Re: 2.6.29-rc3-git6: Reported regressions from 2.6.28
From: Eric Anholt
Date: Wed Feb 04 2009 - 23:46:02 EST
On Wed, 2009-02-04 at 19:56 +0100, Ingo Molnar wrote:
> * Linus Torvalds <torvalds@xxxxxxxxxxxxxxxxxxxx> wrote:
>
> > On Wed, 4 Feb 2009, Norbert Preining wrote:
> > >
> > > The problem is that if you have a configuration under 2.6.28 without
> > > CONFIG_FB and just call make oldconfig, or even make config and don't
> > > know that you loose the DRM. And I was using make oldconfig (there is a
> > > graphical config?? ;-))
> >
> > Sure.

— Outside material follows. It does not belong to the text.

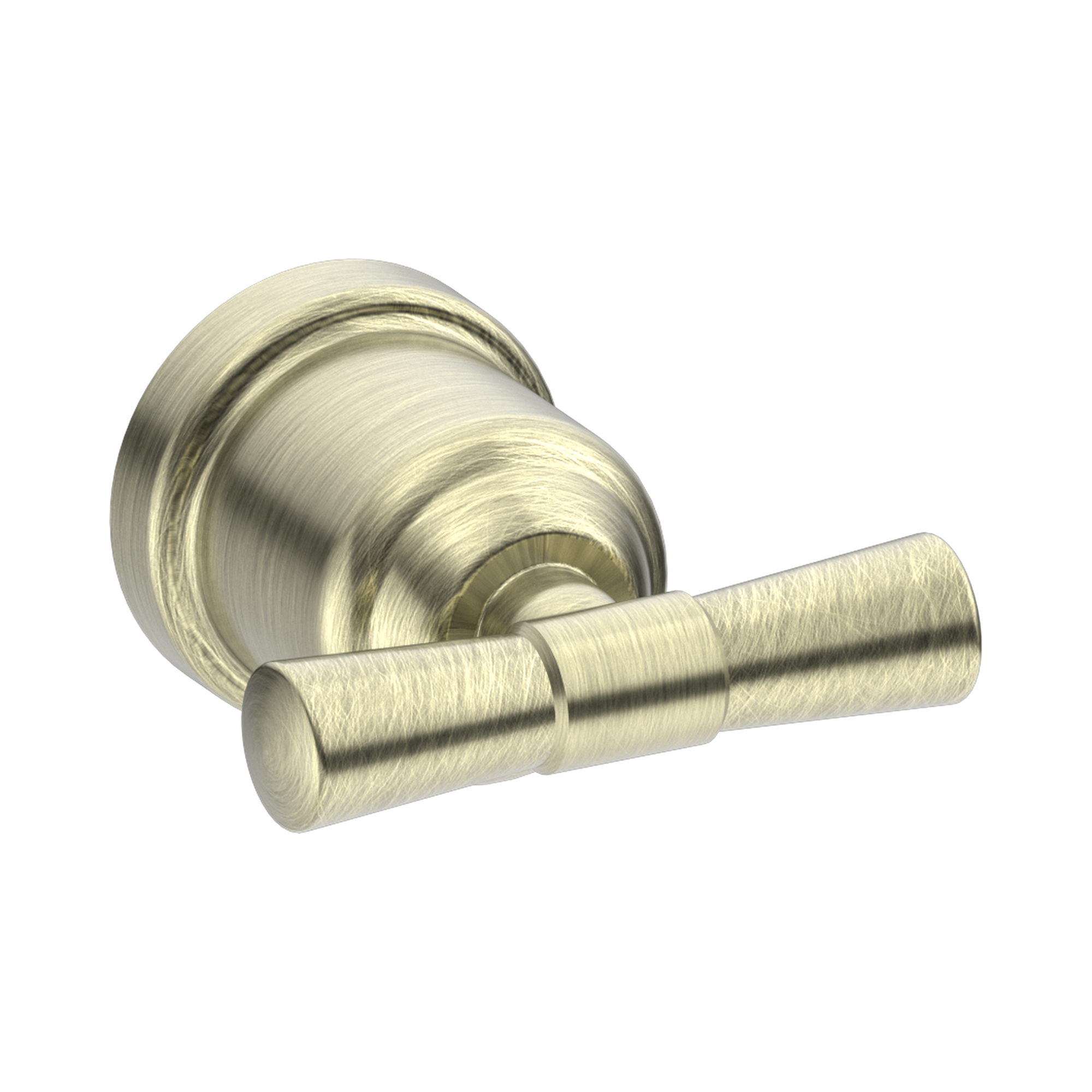 York Robe Hook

It's inconvenient, no question about that. I asked the i915 people
> > to look into not requiring CONFIG_FB, and I hope they will, but my point
> > is that I don't think we can consider "small one-time inconvenience" to be
> > a "regression".
>
> if you mean that as a general principle, there's four very real downsides in
> my opinion.
>
> Firstly, we could have done better (and still can do better), via various
> easy and non-intrusive measures:
>
> - We could add a runtime warning:
>
> for example a WARN_ONCE("please enable CONFIG_DRM_I915 and CONFIG_FB")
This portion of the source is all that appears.